The in vitro and in vivo competition assays were described previously.6 Tumor spleens and nodules were imaged in brightfield and epifluorescence by a Zeiss Discovery V08 Stereo microscope (Carl Zeiss, Peabody, MA).
Pharmacologic inhibitors of Syk
R406 and R78818 were provided by Rigel Pharmaceuticals (South San Francisco, CA). R788 was administered to mice intraperitoneally (IP) at 80 mg/kg per day.
Cell viability and apoptosis assays
MTS cell viability assays were performed using the Celltiter 96 reagent (Promega, Madison, WI) as previously described.19 Briefly, a 2-fold titration of R406 was made and 2.5 × 104 live cells added per well in a 96-well plate and allowed to incubate overnight before addition of MTS reagent. For data analysis, the value for media alone was subtracted from all wells as background, and then all samples were normalized to the value of the well without R406.

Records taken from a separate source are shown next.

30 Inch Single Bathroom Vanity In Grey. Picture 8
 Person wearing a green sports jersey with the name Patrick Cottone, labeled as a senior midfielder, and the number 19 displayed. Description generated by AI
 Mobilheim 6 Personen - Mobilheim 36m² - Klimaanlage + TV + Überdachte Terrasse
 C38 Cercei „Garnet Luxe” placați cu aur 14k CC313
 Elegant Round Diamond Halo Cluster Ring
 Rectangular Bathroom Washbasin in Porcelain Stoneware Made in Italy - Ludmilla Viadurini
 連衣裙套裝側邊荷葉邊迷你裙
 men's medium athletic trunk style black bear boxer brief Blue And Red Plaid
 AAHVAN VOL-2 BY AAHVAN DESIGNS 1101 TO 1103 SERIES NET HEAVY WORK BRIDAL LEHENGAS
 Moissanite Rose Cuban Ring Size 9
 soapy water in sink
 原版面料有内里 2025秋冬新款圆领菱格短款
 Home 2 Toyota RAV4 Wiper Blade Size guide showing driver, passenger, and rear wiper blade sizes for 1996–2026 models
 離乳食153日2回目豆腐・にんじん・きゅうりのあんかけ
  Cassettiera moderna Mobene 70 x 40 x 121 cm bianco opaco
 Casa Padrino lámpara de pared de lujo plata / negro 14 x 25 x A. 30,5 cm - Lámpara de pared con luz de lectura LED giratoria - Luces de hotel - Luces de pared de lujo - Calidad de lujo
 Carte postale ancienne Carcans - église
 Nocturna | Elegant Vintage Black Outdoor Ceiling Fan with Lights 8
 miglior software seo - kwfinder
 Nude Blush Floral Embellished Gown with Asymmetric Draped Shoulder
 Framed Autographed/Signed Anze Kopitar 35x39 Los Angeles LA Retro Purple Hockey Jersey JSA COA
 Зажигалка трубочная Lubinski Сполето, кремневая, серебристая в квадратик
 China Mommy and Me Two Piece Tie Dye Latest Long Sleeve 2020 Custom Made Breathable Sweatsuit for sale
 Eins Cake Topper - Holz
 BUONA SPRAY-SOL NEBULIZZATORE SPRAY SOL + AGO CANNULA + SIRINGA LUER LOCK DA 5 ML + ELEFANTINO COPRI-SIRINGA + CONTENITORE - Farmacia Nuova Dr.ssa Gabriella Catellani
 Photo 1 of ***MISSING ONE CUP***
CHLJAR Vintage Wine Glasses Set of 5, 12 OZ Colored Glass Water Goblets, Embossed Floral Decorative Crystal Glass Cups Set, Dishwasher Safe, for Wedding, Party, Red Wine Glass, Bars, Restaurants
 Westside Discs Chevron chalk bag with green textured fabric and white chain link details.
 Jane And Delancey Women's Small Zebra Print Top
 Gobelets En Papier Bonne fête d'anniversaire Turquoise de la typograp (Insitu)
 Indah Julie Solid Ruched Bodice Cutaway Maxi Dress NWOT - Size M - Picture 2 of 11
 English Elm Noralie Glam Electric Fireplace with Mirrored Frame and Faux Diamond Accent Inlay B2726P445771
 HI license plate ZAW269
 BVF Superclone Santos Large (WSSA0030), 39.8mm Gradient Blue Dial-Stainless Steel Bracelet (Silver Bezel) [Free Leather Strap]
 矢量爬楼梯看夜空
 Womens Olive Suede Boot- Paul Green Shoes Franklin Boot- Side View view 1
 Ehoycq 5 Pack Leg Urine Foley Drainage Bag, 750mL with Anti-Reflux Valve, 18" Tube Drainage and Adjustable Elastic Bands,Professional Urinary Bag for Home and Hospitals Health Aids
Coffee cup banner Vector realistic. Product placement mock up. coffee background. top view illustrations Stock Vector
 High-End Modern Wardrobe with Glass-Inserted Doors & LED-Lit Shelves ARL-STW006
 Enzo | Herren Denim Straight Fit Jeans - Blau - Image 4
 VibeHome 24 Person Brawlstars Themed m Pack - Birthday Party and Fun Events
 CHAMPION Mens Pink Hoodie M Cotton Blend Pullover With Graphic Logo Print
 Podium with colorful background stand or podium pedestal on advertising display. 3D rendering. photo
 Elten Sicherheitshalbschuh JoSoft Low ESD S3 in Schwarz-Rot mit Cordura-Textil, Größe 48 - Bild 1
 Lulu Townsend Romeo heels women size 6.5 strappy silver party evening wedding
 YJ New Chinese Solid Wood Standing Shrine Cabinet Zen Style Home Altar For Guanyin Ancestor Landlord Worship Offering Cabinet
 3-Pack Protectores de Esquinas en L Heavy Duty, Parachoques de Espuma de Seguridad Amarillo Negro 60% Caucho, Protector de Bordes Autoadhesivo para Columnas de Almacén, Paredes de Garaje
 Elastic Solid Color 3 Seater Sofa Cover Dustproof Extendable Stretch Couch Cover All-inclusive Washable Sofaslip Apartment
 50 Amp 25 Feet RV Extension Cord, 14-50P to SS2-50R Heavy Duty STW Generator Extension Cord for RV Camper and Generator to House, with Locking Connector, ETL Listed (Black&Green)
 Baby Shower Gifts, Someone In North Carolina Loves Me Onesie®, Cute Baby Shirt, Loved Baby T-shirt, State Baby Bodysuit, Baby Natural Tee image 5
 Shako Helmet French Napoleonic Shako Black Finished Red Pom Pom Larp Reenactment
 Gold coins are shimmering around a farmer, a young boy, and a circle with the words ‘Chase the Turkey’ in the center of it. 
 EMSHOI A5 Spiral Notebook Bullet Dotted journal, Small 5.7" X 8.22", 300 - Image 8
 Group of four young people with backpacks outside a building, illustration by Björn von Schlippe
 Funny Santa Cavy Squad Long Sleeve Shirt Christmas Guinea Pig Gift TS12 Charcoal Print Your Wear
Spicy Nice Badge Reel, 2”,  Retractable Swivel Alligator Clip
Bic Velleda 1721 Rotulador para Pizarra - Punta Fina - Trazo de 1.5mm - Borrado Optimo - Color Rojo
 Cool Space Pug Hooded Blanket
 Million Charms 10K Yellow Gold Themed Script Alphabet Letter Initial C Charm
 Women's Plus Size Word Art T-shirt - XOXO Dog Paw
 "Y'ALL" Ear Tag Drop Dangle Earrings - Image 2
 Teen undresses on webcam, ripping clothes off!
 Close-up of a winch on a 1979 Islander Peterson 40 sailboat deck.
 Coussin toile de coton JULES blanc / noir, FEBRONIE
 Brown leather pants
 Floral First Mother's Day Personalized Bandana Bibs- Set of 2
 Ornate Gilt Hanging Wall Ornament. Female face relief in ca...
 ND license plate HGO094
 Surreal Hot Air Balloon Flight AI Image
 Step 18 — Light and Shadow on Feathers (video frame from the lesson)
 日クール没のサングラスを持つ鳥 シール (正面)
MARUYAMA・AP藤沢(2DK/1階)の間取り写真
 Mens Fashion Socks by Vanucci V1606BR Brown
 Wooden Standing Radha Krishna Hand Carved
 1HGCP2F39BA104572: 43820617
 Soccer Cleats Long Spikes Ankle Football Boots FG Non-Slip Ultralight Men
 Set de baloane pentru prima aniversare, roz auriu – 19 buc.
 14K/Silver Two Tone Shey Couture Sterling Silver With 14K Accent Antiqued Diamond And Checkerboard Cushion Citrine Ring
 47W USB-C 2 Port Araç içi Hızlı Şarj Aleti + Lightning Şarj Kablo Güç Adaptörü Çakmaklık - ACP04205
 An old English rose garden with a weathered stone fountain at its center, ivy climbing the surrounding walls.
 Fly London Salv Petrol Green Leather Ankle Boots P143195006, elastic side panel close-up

Apoptosis was measured using either 7-amino-actinomycin D (7-AAD) or propidium iodide (PI). 7-AAD (EMD, Gibbstown, NJ) was performed as previously described.20 The protocol for PI staining was previously described.21 Cells for PI labeling were obtained through 2 methods. First, cells were infected with a virus possessing a GFP reporter gene and sorted for greater than 95% GFP expression, allowed to recover for 2 days, and then stained. Second, cells were infected with virus containing a Thy1.1 reporter gene. These cells would have a mix of infected (Thy1.1+) and uninfected (Thy1.1−) cells, and infected cells were determined by a fluorescein isothiocyante (FITC)–conjugated anti-Thy1.1 antibody (Becton Dickinson, Franklin Lakes, NJ). For both 7-AAD and PI analysis, necrotic cells were excluded based on their forward and side light scattering properties.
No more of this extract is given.